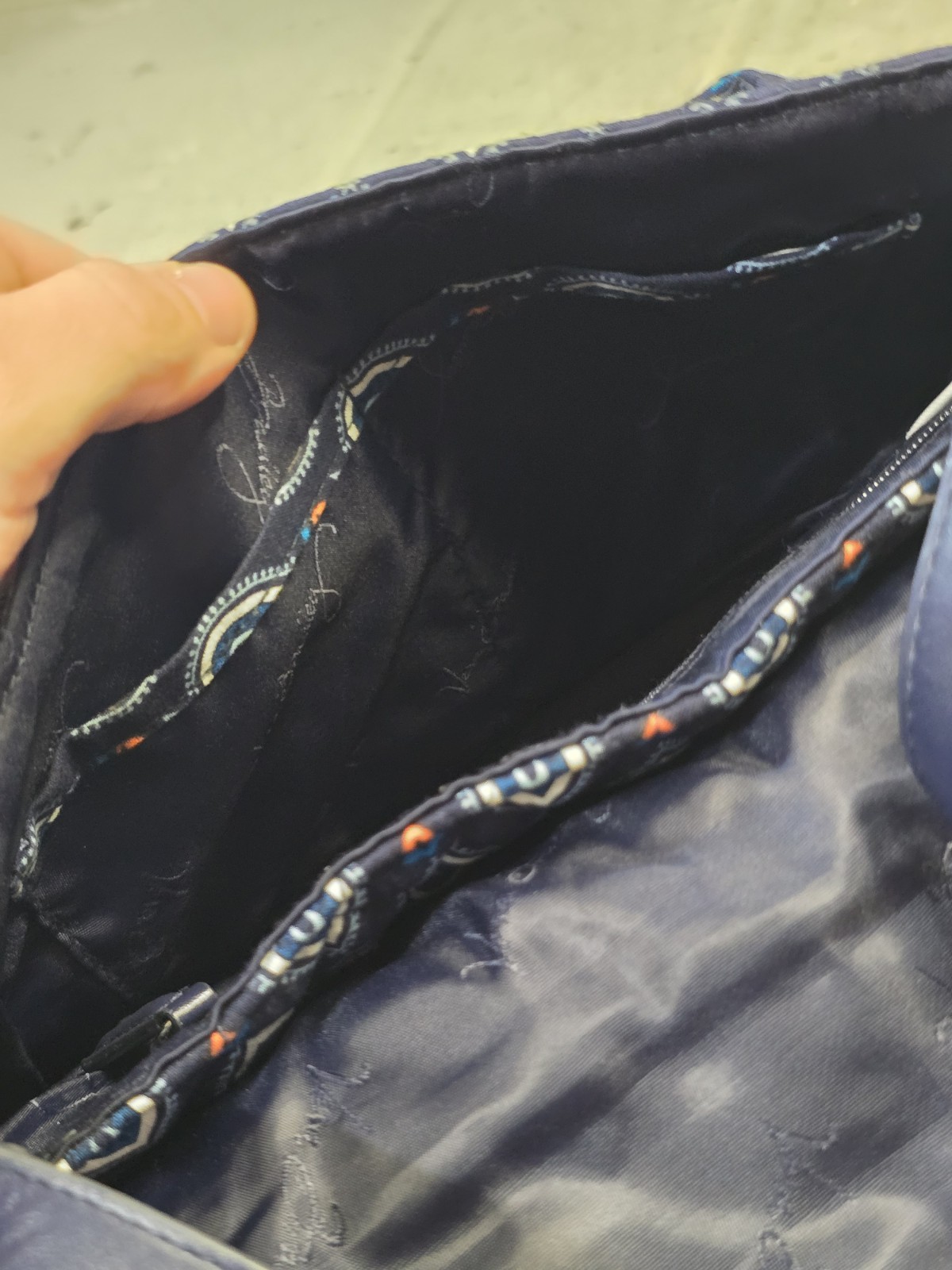 Vera Bradley Medium Trapeze Tote Shoulder Bag Marrakesh Motifs Navy Blue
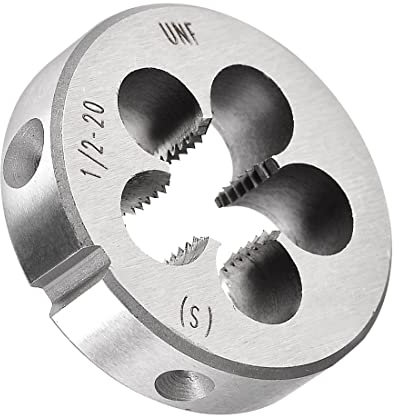 PATIKIL 1/2-20 UNF Rotondo Filettatura Matrici, 1pz Destra Mano Lega Utensile Acciaio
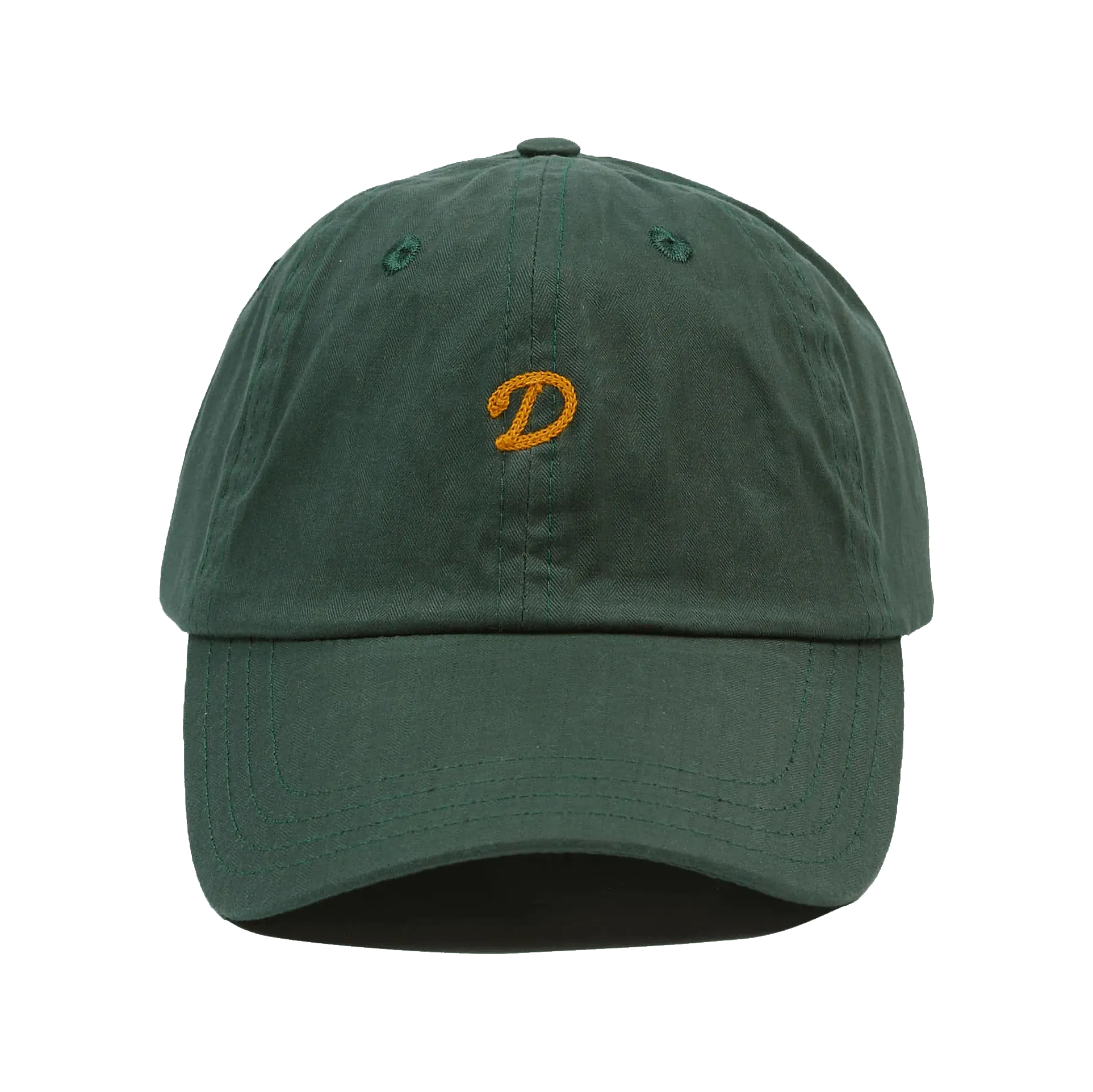 Waxed Herringbone Baseball Hat - Bottle Green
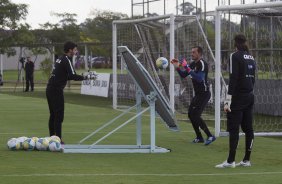 Durante o treino desta tarde no CT Joaquim Grava, zona leste da cidade. O prximo jogo ser domingo, dia 01/03 contra o Mogi Mirim na Arena Corinthians, vlido pela 7 rodada do Campeonato Paulista de 2015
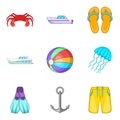 Boat voyage icons set, cartoon style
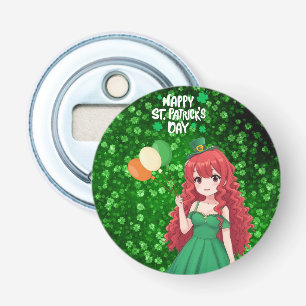 Abrebotellas día de San Patricio linda, chica anime irlandesa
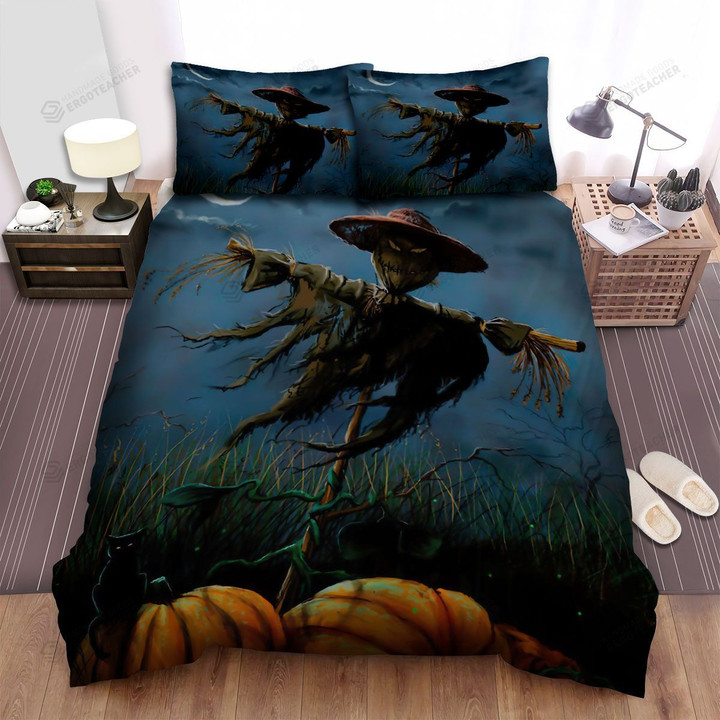 Scarecrow, Halloween, Scarecrow And Cat Bed Sheets Spread Duvet Cover Bedding Sets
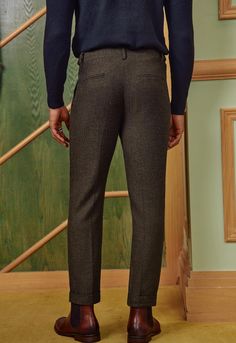 "Upgrade your wardrobe with our Men's Vintage Style Tweed Herringbone Pants. Made with quality tweed and a classic herringbone pattern, these pants exude timeless style. Perfect for any occasion, these pants pair well with a dress shirt or casual tee. Elevate your fashion game with these must-have pants." 95%Polyester+5%Wool Care instructions Machine Wash, Hand Wash Only Herringbone pattern tweed trousers, double pleated dress pants, regular fit, straight fit, zipper closure, casual pants and business dress pants SIZE NECK CHEST WAIST SLEEVE S 14-14½″ 34-36″ 28-30″ 32-33″ M 15-15½″ 38-40″ 32-34″ 33-34″ L 16-16½″ 42-44″ 36-38″ 34-35″ XL 17-17½″ 46-48″ 40-42″ 35-36″ 2XL 18-18½″ 50-52″ 44-46″ 36-37″ 3XL 19-19½″ 54-56″ 48-50″ 37-38″ 4XL 20½-21″ 58-60″ 53-55″ 38″ 5XL 22-22½″ 62-64″ 58-60″ 38½″ Brown Slim Fit Dress Pants For Fall, Tailored Tweed Pants For Fall, Fall Tweed Trousers, Tailored Tweed Fall Bottoms, Tailored Tweed Bottoms For Fall, Winter Tweed Trousers, Formal Tweed Pants For Fall, Tweed Trousers For Business Casual, Tailored Herringbone Pants For Fall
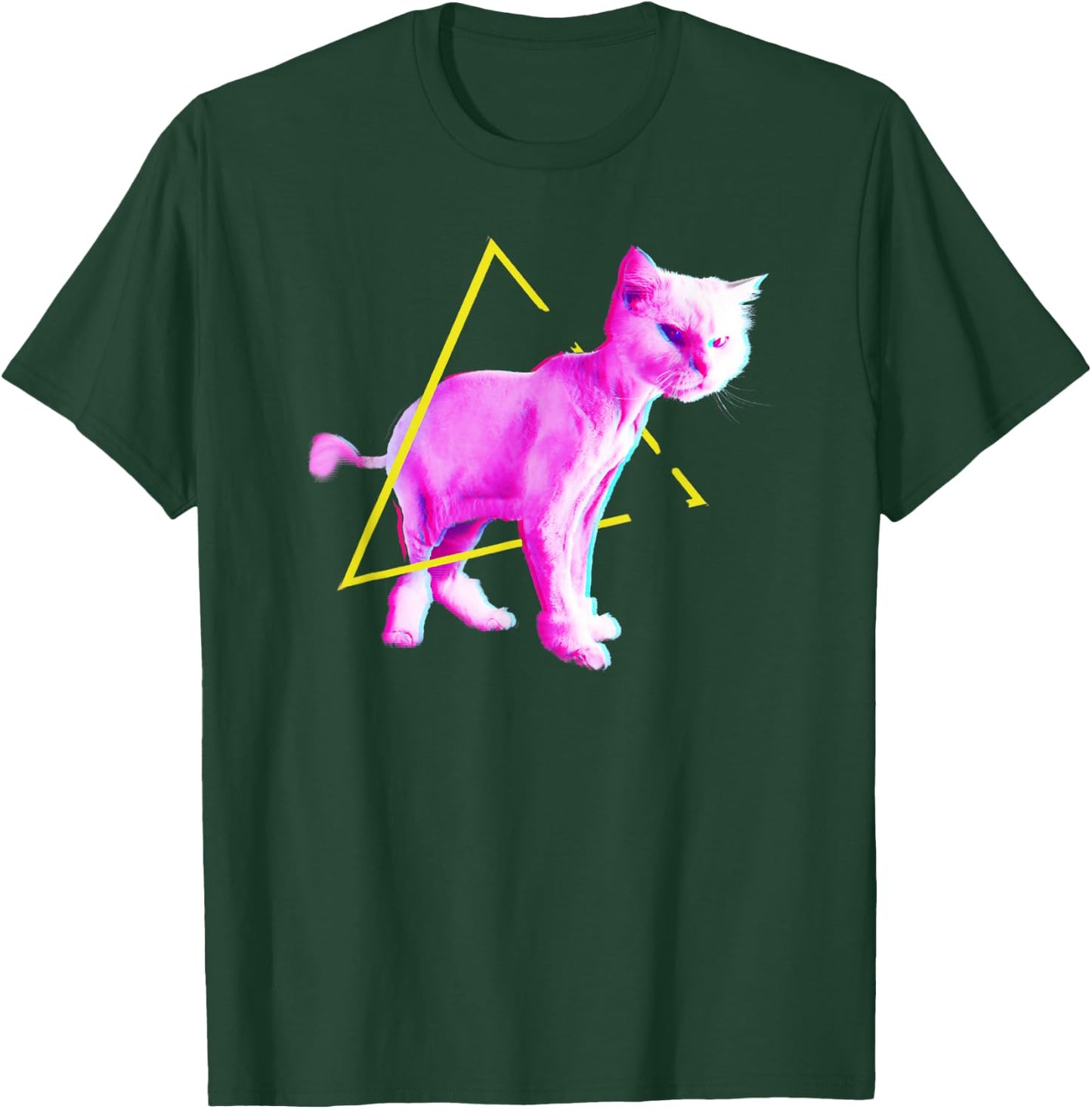 Funny Cat Synthwave Vaporwave Triangle 70s 80s Retrowave Cat T-Shirt - T-Shirt | Forest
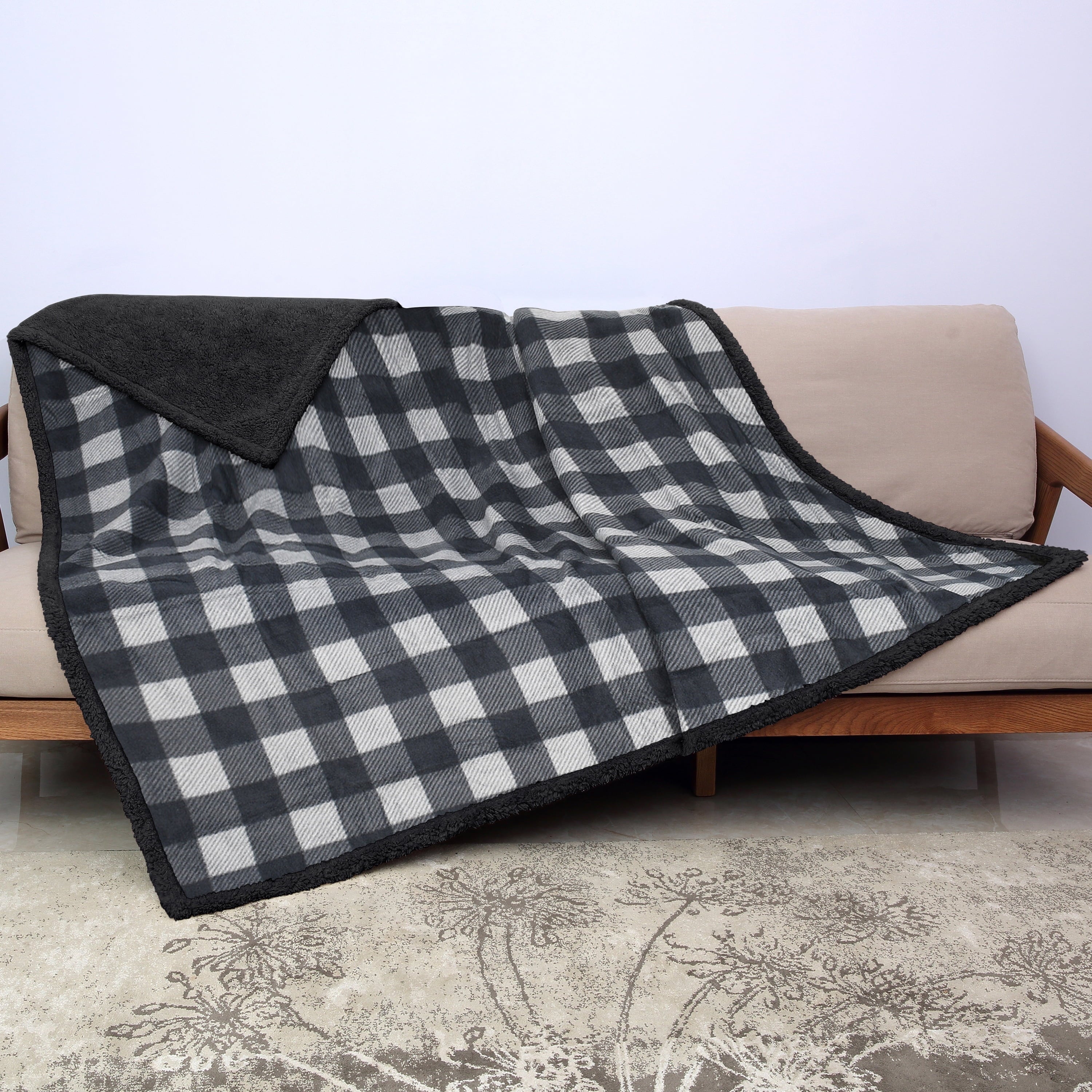 Catalonia Waterproof Fleece Blanket, Reversible Sherpa Throw Blanket, Premium Furniture Protector Plush Blanket, 80” x 60”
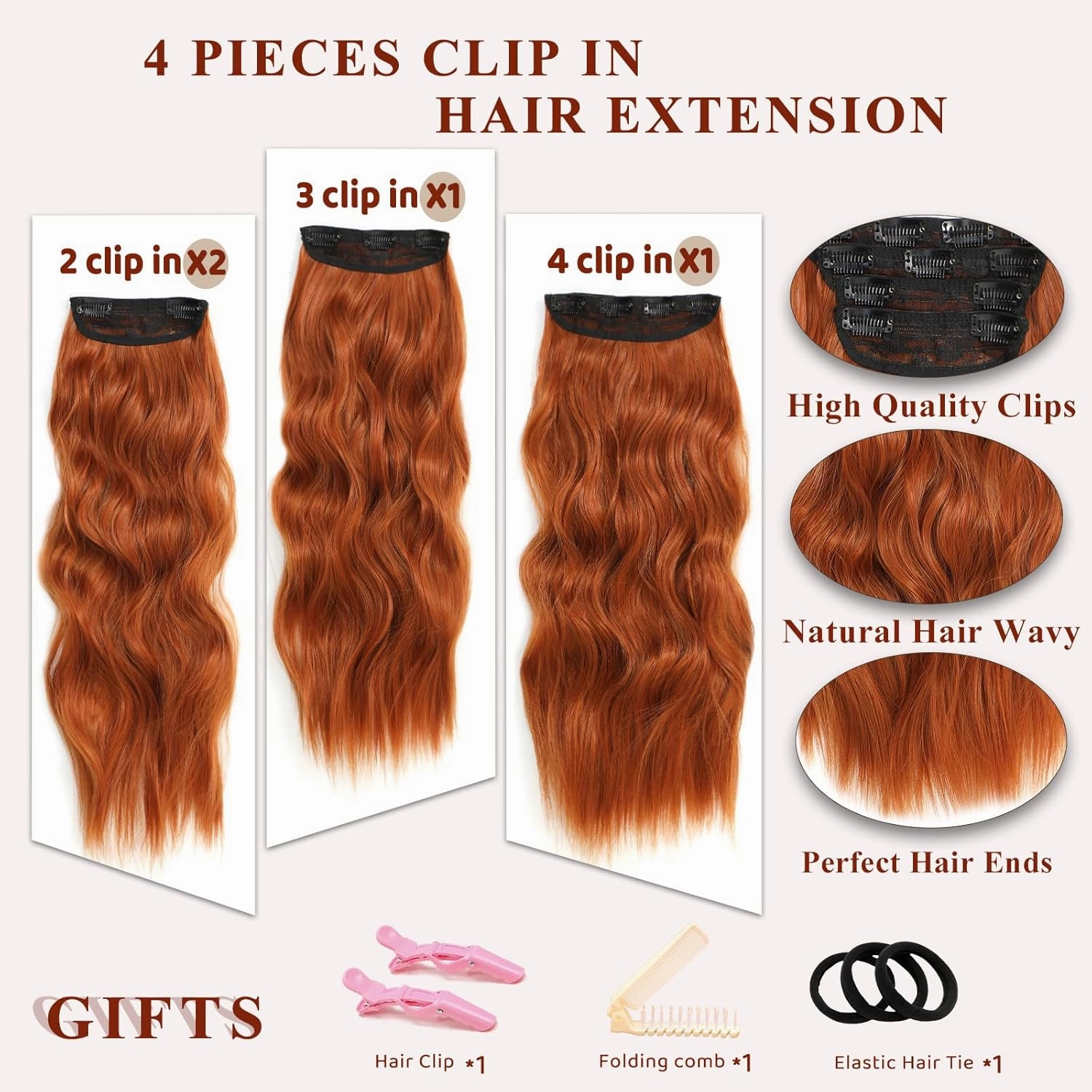 NAYOO Clip in Curly Hair Extensions 4PCS Long Wavy Synthetic Thick Hairpieces with Fiber Double Weft for Women Hair Full Head (24 Inch, Copper Red)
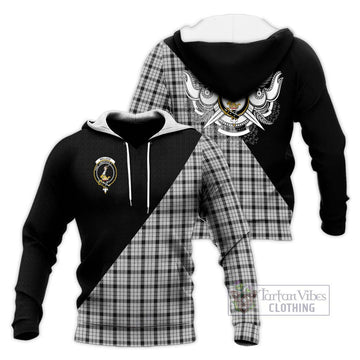 Wallace Dress Tartan Knitted Hoodie with Family Crest and Military Logo Style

┄┄┄┄┄┄┄┄┄┄┄┄┄┄┄┄┄┄┄┄

Assignment
The range to print runs from the line with "Catalonia Waterproof Fleece" through the last line of the entries, both included; keep it exact and skip the pictures.

Answer to this exercise
 Catalonia Waterproof Fleece Blanket, Reversible Sherpa Throw Blanket, Premium Furniture Protector Plush Blanket, 80” x 60”
 NAYOO Clip in Curly Hair Extensions 4PCS Long Wavy Synthetic Thick Hairpieces with Fiber Double Weft for Women Hair Full Head (24 Inch, Copper Red)
 Wallace Dress Tartan Knitted Hoodie with Family Crest and Military Logo Style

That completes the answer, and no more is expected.